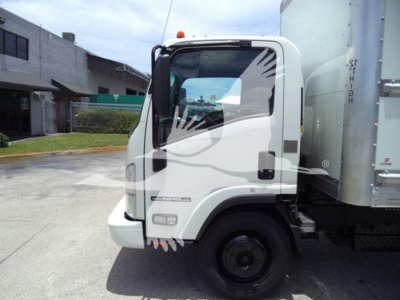Isuzu NPR HD box truck cab side view showing steering wheel, door, window, and part of cargo body.
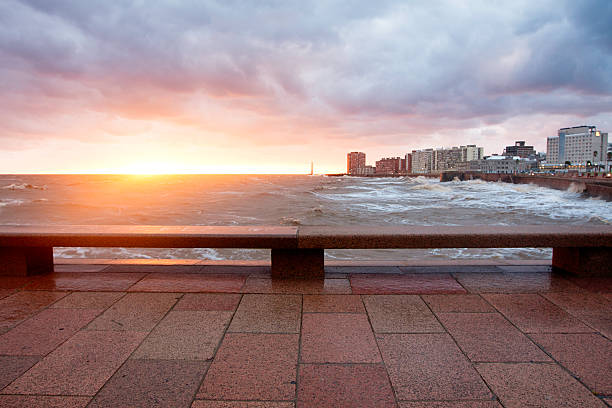 Sunset over water and skyline stock photo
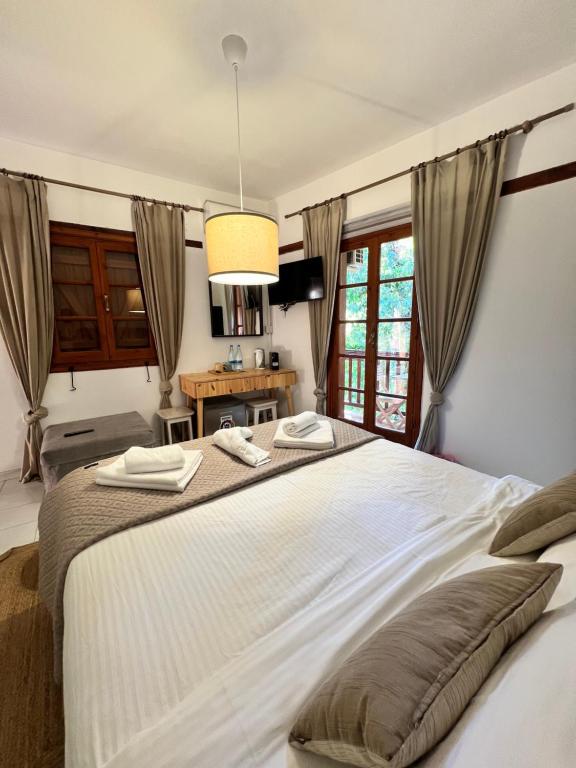 Postel nebo postele na pokoji v ubytování GaliniCafe22-suites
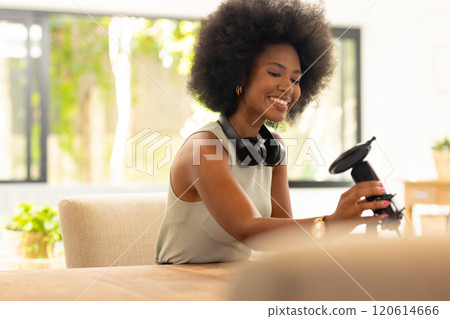 Adjusting microphone, smiling african american woman with headphones around neck preparing for podca 120614666
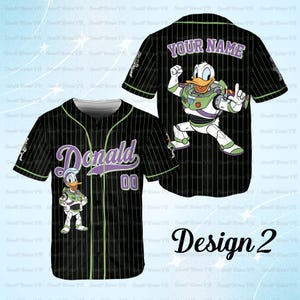 May include: Black baseball jersey with pinstripes, featuring the name "Donald" in purple script with the number "00". The jersey has a cartoon image of Donald Duck in a Buzz Lightyear costume. The back of the jersey has the text "YOUR NAME" and a Buzz Lightyear graphic.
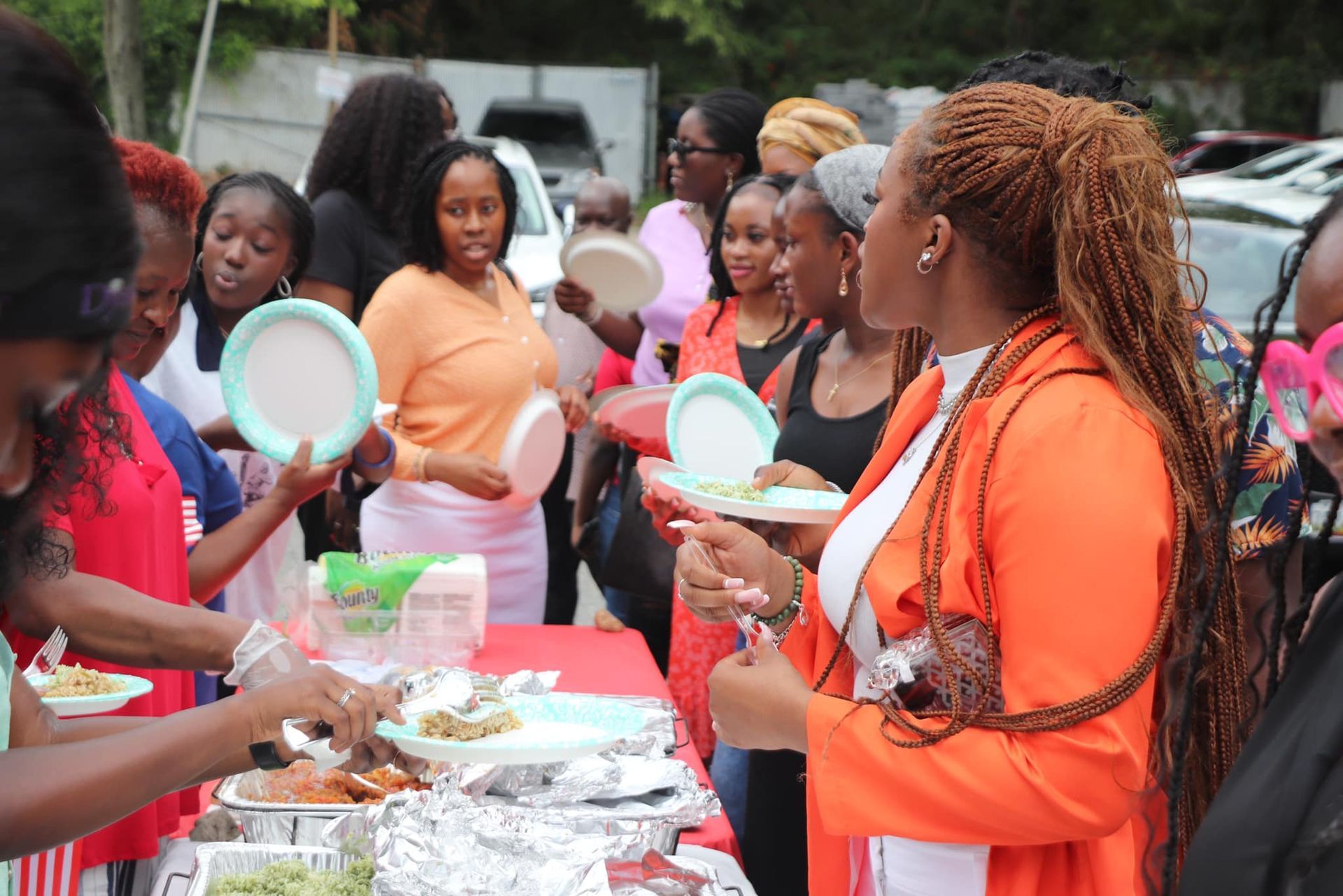 Group of women at an outdoor event, eating food from a buffet.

• _Problem details_
Retype the whole listing exactly. Do not include the pictures.

• _Output for this task_
Isuzu NPR HD box truck cab side view showing steering wheel, door, window, and part of cargo body.
 Sunset over water and skyline stock photo
 Postel nebo postele na pokoji v ubytování GaliniCafe22-suites
 Adjusting microphone, smiling african american woman with headphones around neck preparing for podca 120614666
 May include: Black baseball jersey with pinstripes, featuring the name "Donald" in purple script with the number "00". The jersey has a cartoon image of Donald Duck in a Buzz Lightyear costume. The back of the jersey has the text "YOUR NAME" and a Buzz Lightyear graphic.
 Group of women at an outdoor event, eating food from a buffet.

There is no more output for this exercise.